El médico lo observaba con gran asombro pues habría apostado su prestigio a que el muchacho fallecería prontamente por la hemorragia, a causa de la gangrena, o derrotado por la fiebre. No comprendía el motivo por el que Saga se había empecinado en mantenerlo con vida solo para entregarlo luego a la Justicia. A él no le correspondía cuestionarlo así que se avocó a su tarea de atenderle la herida hasta su desembarco. Luego Milo fue encarcelado en la prisión. Una vez en tierra, se sintió mejor, pudo comer y hasta moverse casi con normalidad. Curiosamente, el disparo en el abdomen se iba pareciendo ahora a una cicatriz antigua, muy desagradable, por cierto, pero bien curada. Aprovechó que estaba encerrado y sin nada que hacer para ejercitarse con el fin de recuperar la masa muscular perdida. La comida que le servían era repugnante, pero de porciones generosas, por lo que no le costó demasiado volver a su peso. Así evitó enloquecer y caer en la desesperación pues en todo el día no tenía contacto con otra persona que no fuera el carcelero encargado de llevarle el alimento, ni había ventanas en su celda que le indicaran si era día o noche. Desconocía el tiempo que llevaba encerrado pero, justo cuando comenzaba a pensar que lo dejarían pudrirse allí hasta el fin de su existencia, la puerta del calabozo se abrió.

No muy lejos de allí, en el mismo sótano húmedo y apestoso, un capitán sin barco aguardaba irremediablemente que le llegara la hora. Al oír la llave tintinear contra el cerrojo oxidado, la impaciencia lo llevó a girarse rápido en dirección a la puerta, sin levantarse de la viga de madera que constituía su asiento precario. Lo que vio le desagradó por completo, cosa que no dudó en expresar frunciendo tanto el ceño como los labios. Quien no conociera acerca de su consanguinidad diría que el prisionero había perdido el juicio tras tanto encierro, y ahora se veía a sí mismo ingresando a su celda para burlarse de sus circunstancias amargas.

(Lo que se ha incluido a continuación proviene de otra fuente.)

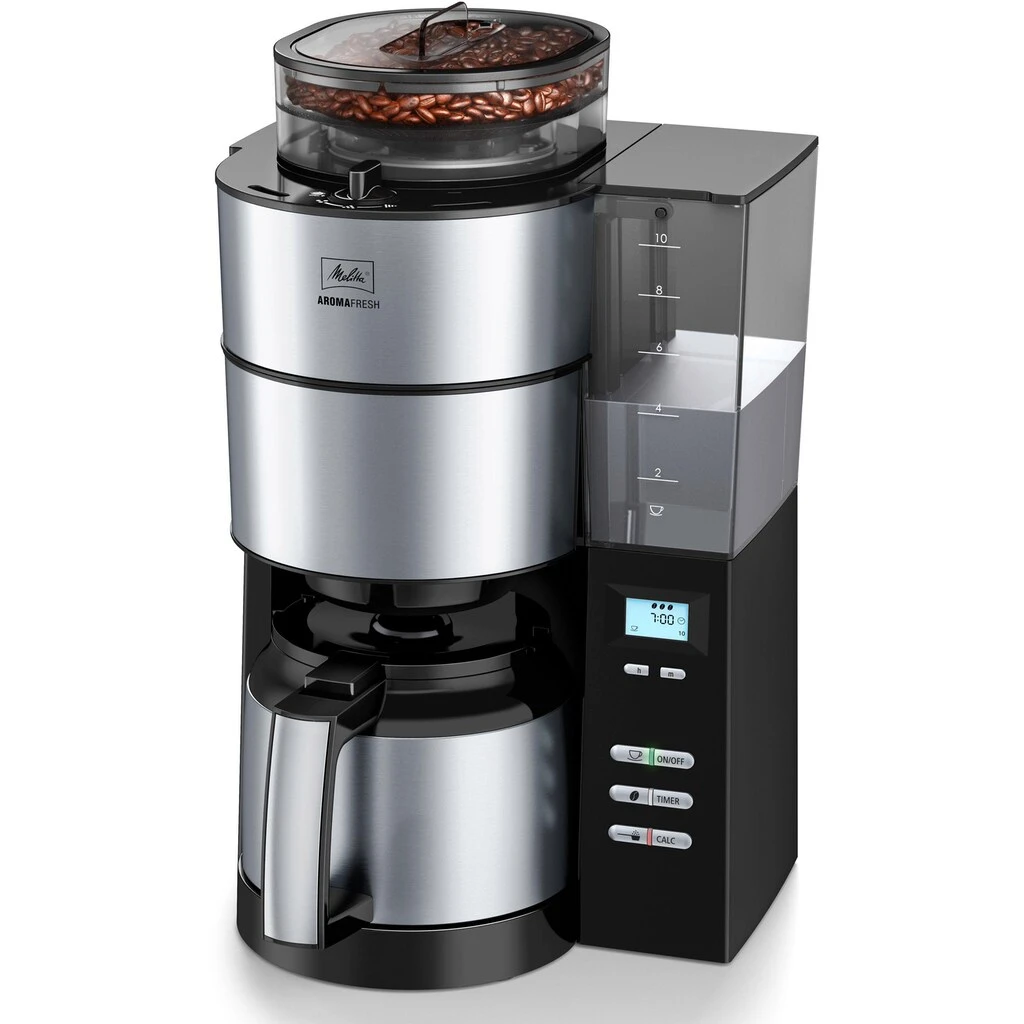 Melitta Kaffeemaschine Mit Mahlwerk »AromaFresh Therm 1021-12«, 1,2 L Kaffeekanne, Papierfilter, 1x4 5 Melitta Kaffeemaschine Mit Mahlwerk »AromaFresh Therm 1021-12«, 1,2 L Kaffeekanne, Papierfilter, 1x4 – Bild 3
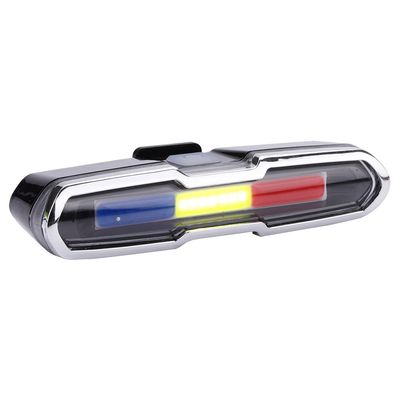 Rear Light, Ultra Bright USB Rechargeable High LED Tail Light Accessories for Cycling Mountain (Red+Blue+White)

—El juez ha dado sentencia. Hoy cumplirás tu condena a muerte —le informó su igual sin ningún tipo de preámbulo mientras tomaba su reloj de bolsillo para constatar la hora, como si contara los minutos que faltaban para el evento anunciado.

El condenado emitió una carcajada breve.

—Me sorprende que hayas tenido el valor de decírmelo en la cara. Pensé que nunca te dignarías a venir. ¿Tanto miedo te doy?

El almirante guardó la delicada pieza de ingeniería en su sitio y luego se revisó los botones perfectamente abrochados del saco del uniforme, impecable.

—Digamos que tu dedicación al crimen fue como mínimo un obstáculo, la única mancha en mi carrera militar.

—Mientes… —lo interrumpió—. El motivo de tu desprecio es porque sabes que somos iguales. No importa cuánto intentes negarlo, la maldad que habita en mí también forma parte de ti. Puedo verla… La reconozco con solo mirarte.

A Kanon le habría gustado ponerse en pie para hablarle a la misma altura, pero su rodilla no había sanado bien, y a duras penas podía caminar. Odiaba que lo vieran cojear, en especial su visitante, quien tras dejar pasar algunos instantes de suspenso avanzó hacia él y le apretó el mentón para levantarle el rostro.

—Tú y yo jamás…, jamás seremos iguales, hermano. Ten eso muy presente al momento en que la trampilla del cadalso se abra bajo tus pies.

Kanon apartó el rostro y le golpeó la mano como si el contacto le quemara.

—Y Milo… ¿Qué han hecho con él? —quiso saber, tan interesado en su paradero como en cambiar de tema. Le había sorprendido tanto como a todos que no hubiera ordenado su asesinato el mismo día del ataque, pero al mismo tiempo le tranquilizaba saber que el Escorpión Dorado estaba todavía en un lugar de su conocimiento.

—¿Por qué tanto interés por un pirata de bajo rango?

—Oh, entonces no lo sabes…

—¿Saber qué cosa?

El pirata cerró los ojos y sonrió. Le gustaba saborear los momentos en que se sabía con ventaja sobre su hermano mayor.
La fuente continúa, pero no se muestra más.